NASA’s Psyche mission is scheduled to launch in 2022 and reach the asteroid in 2026. Signs of past volcanism that researchers could look for include variations in the color or composition of material on the surface, and possibly features that look like volcanic vents. Large volcanic cones are probably unlikely, Abrahams said.
Unfortunately, because metallic asteroids would have solidified fairly quickly after their formation, there has been plenty of time (billions of years) for any surface features of volcanism to be degraded. “It’s not clear what they might look like now,” Abrahams said.
The best opportunity to find evidence of ferrovolcanism on metallic asteroids might actually come from studying iron meteorites already in collections on Earth, the researchers said.

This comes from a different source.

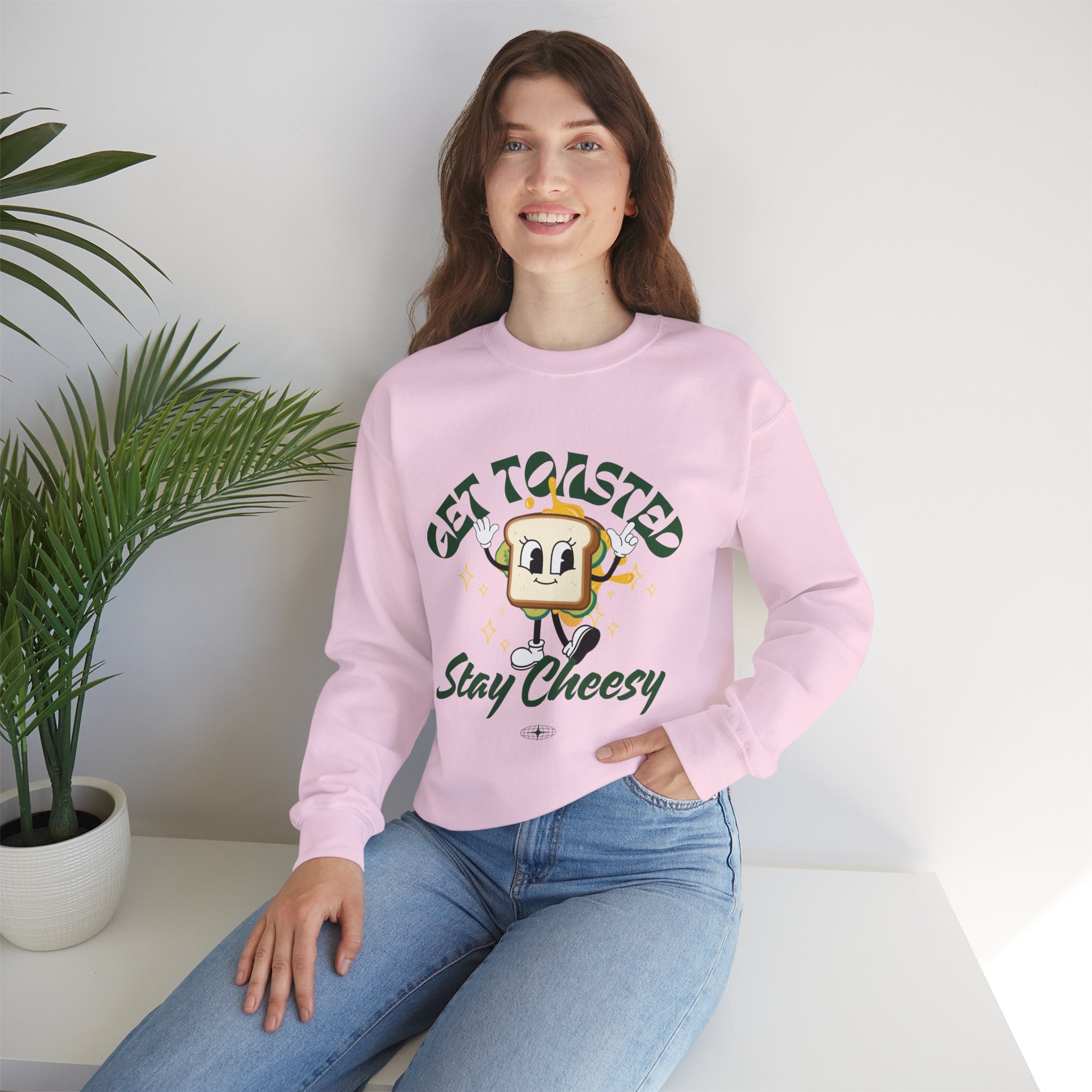 Get Toasted Stay Cheesy Sweatshirt, Cozy Graphic Crewneck, Cute Foodie Apparel, Funny Gift, Unisex Casual Wear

“There are lots of these metallic meteorites, and now that we know what we’re looking for, we might find evidence of volcanism in them,” Nimmo said. “If material got erupted onto the surface, it would cool very fast, which would be reflected in the composition of the meteorite. And it might have holes in it left by escaping gas.”
When they presented their findings at a recent Lunar and Planetary Science Conference, Abrahams and Nimmo discovered that another research team had independently arrived at similar conclusions about the possibility of ferrovolcanism.
“It’s not a shocking idea, but we’d just never thought about iron volcanism before, so it’s something new and interesting to investigate,” Abrahams said.
This research was supported in part by NASA.